Try it: What you return should be the full listing, word for word, without a single image.

Available data:
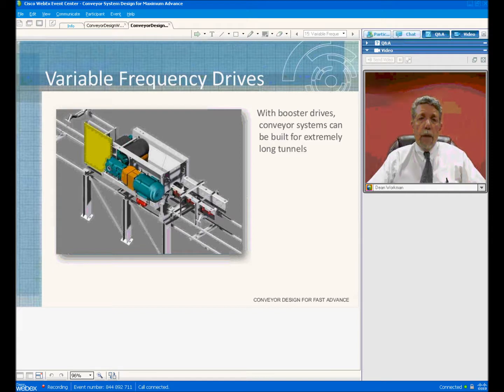We use the VFD drives for the main drive, the booster drive, and the VFD system on the vertical conveyors. On all conveyors we recommend the variable frequency drive. Even on the short conveyors at East Side Access, we put variable frequency drive, which allows them to speed up or slow down the system depending on the advance rates of the TBM and whether they were running one machine or two machines. When you slow the system down, you slow the belt speed down.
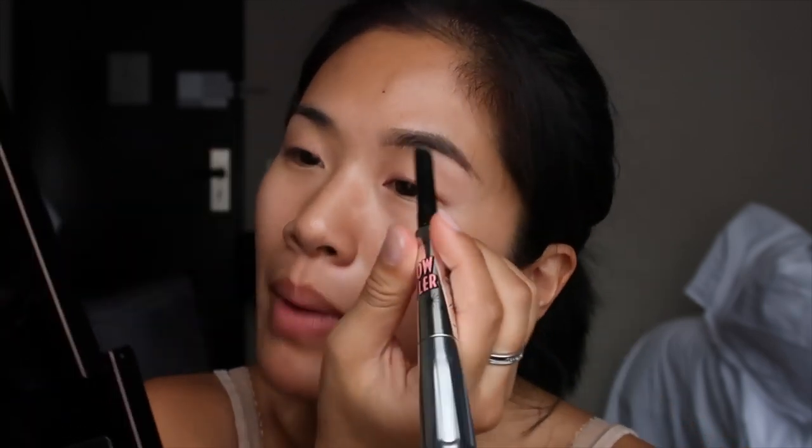I'm going for a natural brow look today since I'm in a rush, so I'll do a quick time-lapse of the rest of my makeup.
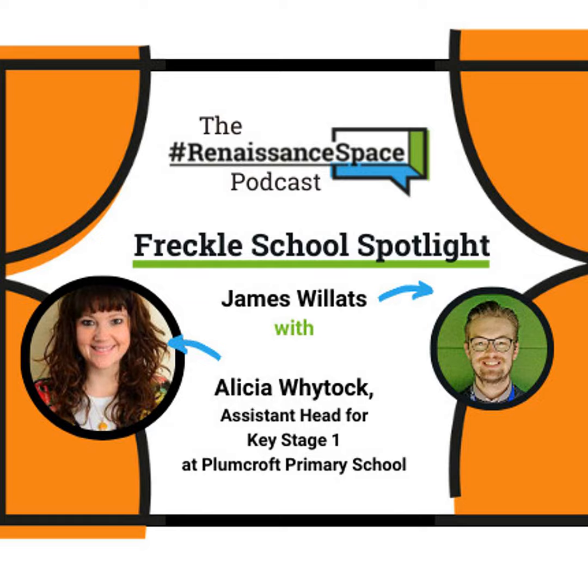Thank you so much for joining us today and we look forward to seeing you at another Renaissance webinar. Thank you again, Alicia. If you enjoyed this episode of the Renaissance Space Podcast, please check out the Education Joining the Dots podcast from our colleagues at GL Assessment.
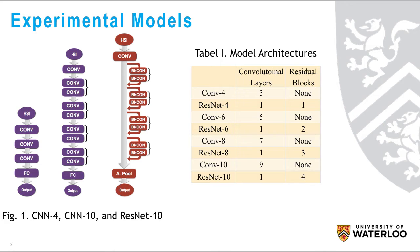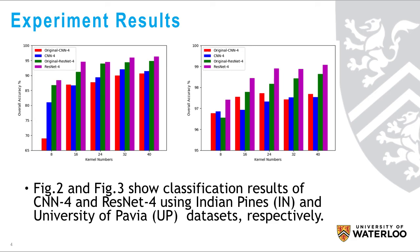We tested ResNet and CNNs with different architectures to investigate the influence of adding batch normalization, different kernel numbers, and model depth. Two widely used hyperspectral image datasets have been adopted for training and testing ResNet and CNNs.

Task solution:
We use the VFD drives for the main drive, the booster drive, and the VFD system on the vertical conveyors. On all conveyors we recommend the variable frequency drive. Even on the short conveyors at East Side Access, we put variable frequency drive, which allows them to speed up or slow down the system depending on the advance rates of the TBM and whether they were running one machine or two machines. When you slow the system down, you slow the belt speed down.
I'm going for a natural brow look today since I'm in a rush, so I'll do a quick time-lapse of the rest of my makeup.
Thank you so much for joining us today and we look forward to seeing you at another Renaissance webinar. Thank you again, Alicia. If you enjoyed this episode of the Renaissance Space Podcast, please check out the Education Joining the Dots podcast from our colleagues at GL Assessment.
We tested ResNet and CNNs with different architectures to investigate the influence of adding batch normalization, different kernel numbers, and model depth. Two widely used hyperspectral image datasets have been adopted for training and testing ResNet and CNNs.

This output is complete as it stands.